Morto per 10 minuti rivela cosa ha provato tornando in vita

Matthew Allick era un uomo giovane e in buona salute che conduceva una vita molto attiva, quindi nessuno si sarebbe mai aspettato ciò che accadde dopo.

In un giorno come tanti altri, il quarantaduenne improvvisamente svenne e per dieci terrificanti minuti rimase clinicamente morto.

Tutto è iniziato nell’agosto 2023, quando Matthew Allick, padre di due figli originario della Gran Bretagna, ha notato che i suoi piedi si stavano gonfiando e faceva fatica a respirare. All’inizio non ci ha dato peso, ma un giorno al lavoro, improvvisamente non è riuscito a salire una rampa di scale.

“In quel momento non provavo dolore”, ha raccontato al Metro. “Ma sapevo che qualcosa non andava”.

Un collega ha chiamato un’ambulanza e, una volta arrivato in ospedale, un medico ha chiesto a Matthew di valutare il suo dolore da uno a dieci.

“Gli ho detto che prima era zero, ma improvvisamente era undici su dieci”, ha detto Matthew. “Lui ha detto che non poteva essere undici, e io ho risposto: ‘Ora è tredici’”.

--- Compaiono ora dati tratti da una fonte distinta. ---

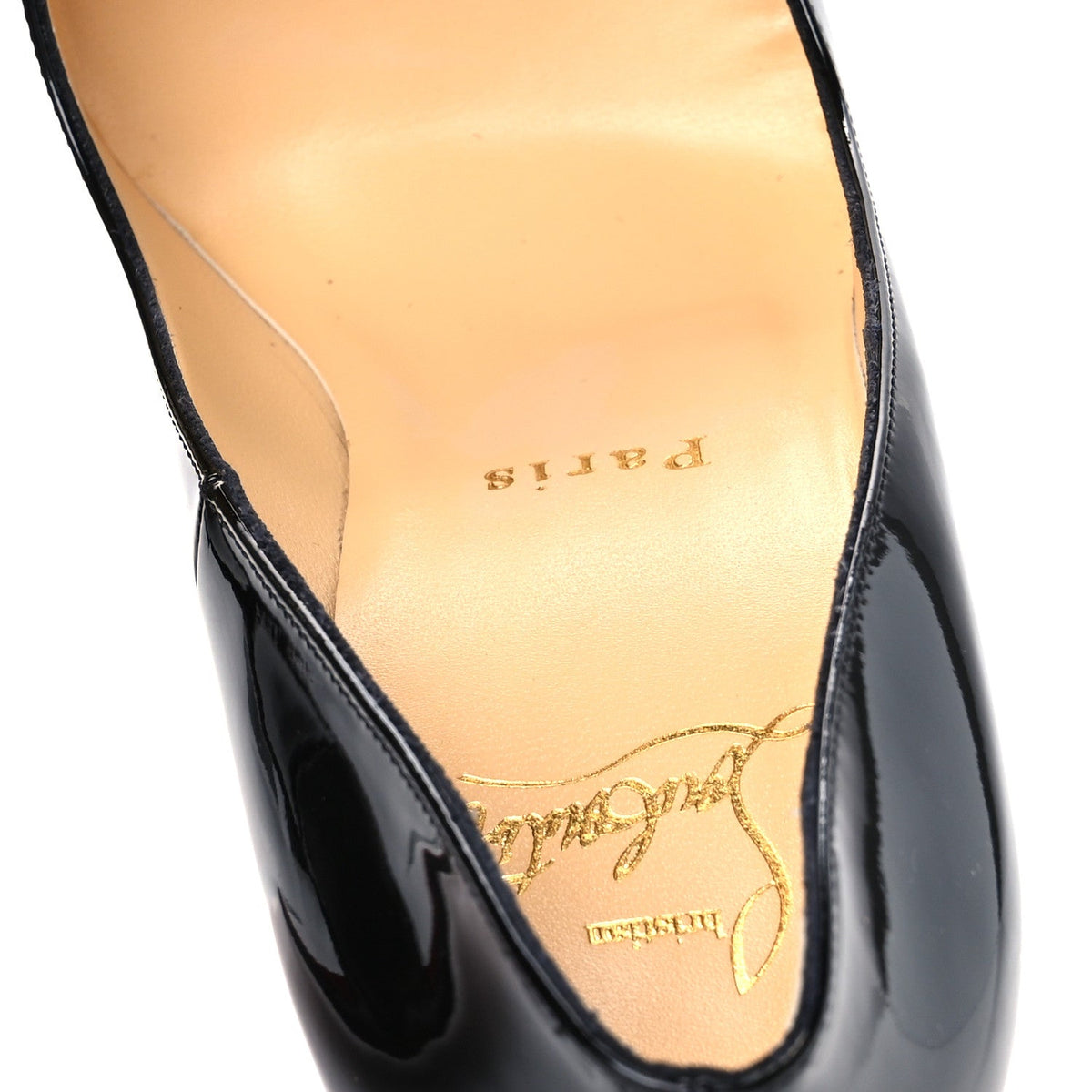Patent So Kate 120 Pumps 37 Black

I medici scoprirono presto che Matthew aveva un battito cardiaco irregolare e che il suo cuore si era effettivamente fermato, a causa di pericolosi coaguli di sangue sia nel cuore che nei polmoni. Un’embolia polmonare gli aveva causato un arresto cardiaco.

Matthew rimase morto per dieci minuti prima che il personale ospedaliero riuscisse a rianimarlo. Poi entrò in coma, per risvegliarsi solo tre giorni dopo.

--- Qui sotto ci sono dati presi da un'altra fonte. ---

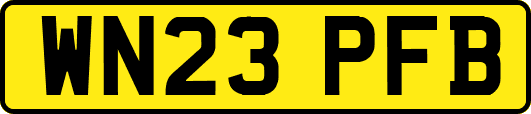 WN23PFB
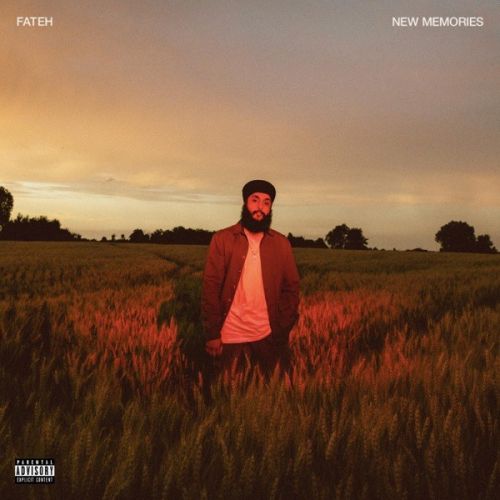 New York On My Own Part 2 Fateh Mp3 Song Free Download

Quando il 42enne finalmente riprese conoscenza, descrisse una sensazione di pace.

“Non ricordo nulla di quando ero morto”, ha spiegato. “Ma quello che ricordo è il risveglio dal coma e la sensazione di aver dormito. Tutto era tranquillo. Mi sembrava di aver dormito serenamente”.

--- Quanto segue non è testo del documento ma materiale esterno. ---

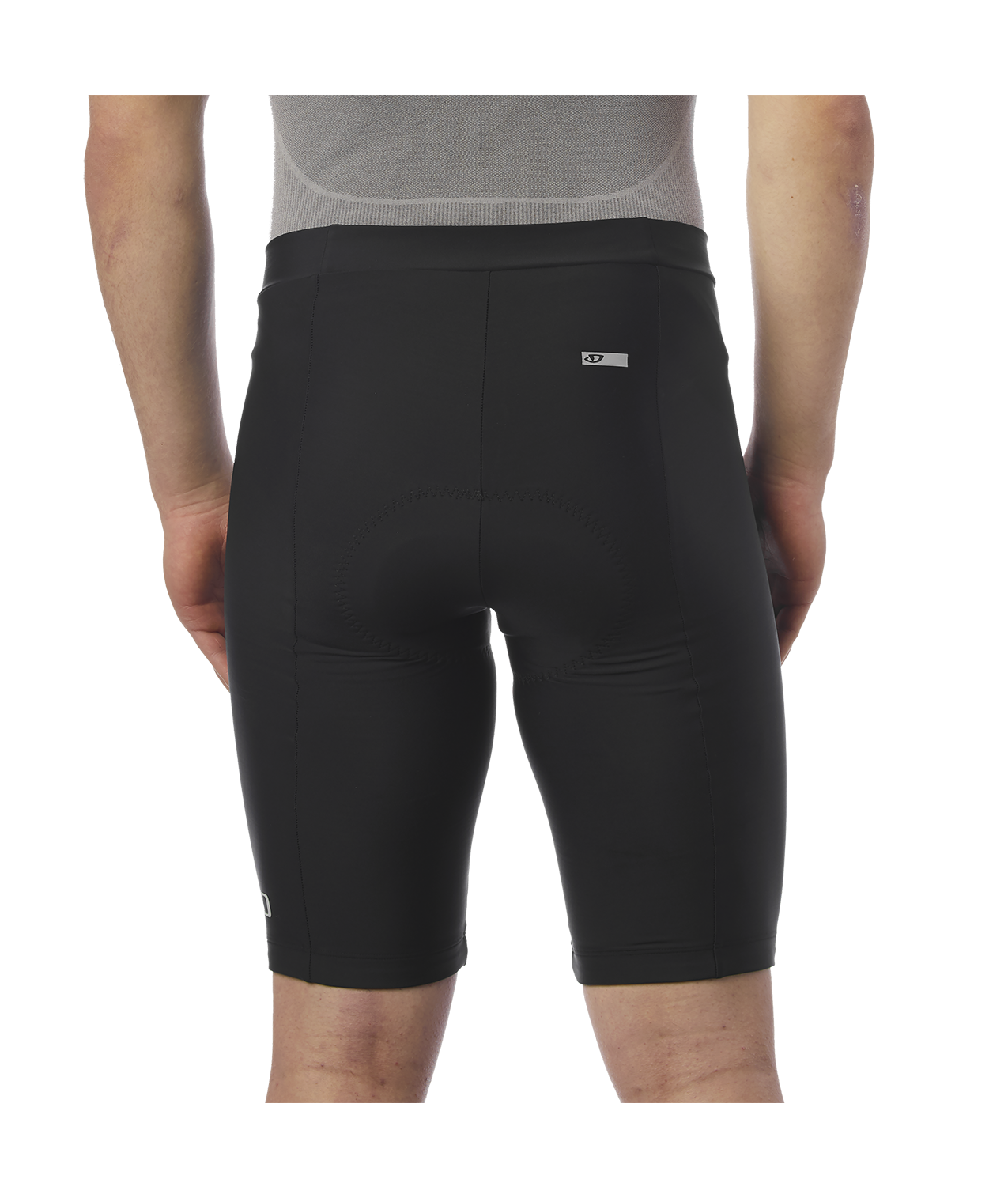 CALZA HOMBRE GIRO CHRONO BLACK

Ma quella calma lasciò rapidamente il posto alla paura: non riusciva a muovere il corpo e temeva di essere paralizzato. Lentamente, la sensibilità tornò alle dita dei piedi e delle mani, poco a poco.

Recuperare la memoria si rivelò un’altra sfida. Matthew faticava a ricordare i nomi delle persone e persino a identificare i colori. “Mio fratello mi portò un’arancia e io gli chiesi: ‘Di che colore è? ’”, ricorda. “Ma lui trascorse del tempo con me aiutandomi a recitare citazioni di film per recuperare la memoria”.

Col tempo, dovette reimparare i movimenti di base: sedersi, camminare e persino controllare la vescica.

La notizia che aveva avuto un infarto fu uno shock. “Sono svenuto quando ho saputo di aver avuto un infarto”, racconta. “Non aveva senso. Mi sembrava una bugia. Continuavo a pensare: ‘Come è potuto succedere proprio a me?’”.

I medici ancora non sanno perché sia successo. Matthew era sano: giovane, non sovrappeso, non fumatore e non alcolista, eppure i medici stanno ancora indagando sulle cause dell’infarto.

La sopravvivenza di Matthew era così improbabile che i medici lo hanno soprannominato “l’uomo miracolato”.

La sua terribile esperienza gli ha anche fatto capire il potere salvavita delle trasfusioni di sangue. Matthew, un paziente di origine africana, ha imparato che ricevere sangue compatibile con la sua etnia è stato fondamentale per la sua sopravvivenza.

Ha perso una quantità significativa di sangue durante la sua esperienza e crede che senza le trasfusioni oggi non sarebbe qui.

Ora Matthew è tornato alla normalità per circa il 75%, anche se ha ancora alti e bassi. Continua ad avere occasionali dolori al petto e gonfiore ai piedi, che a volte lo fanno temere che i problemi cardiaci possano ripresentarsi.

Il padre di due figli, che ora lavora come motivatore, sa che non tornerà mai completamente alla normalità, poiché dovrà assumere anticoagulanti per tutta la vita. Ma è grato per il sostegno della sua fidanzata, dei suoi figli, della sua famiglia e dei suoi amici.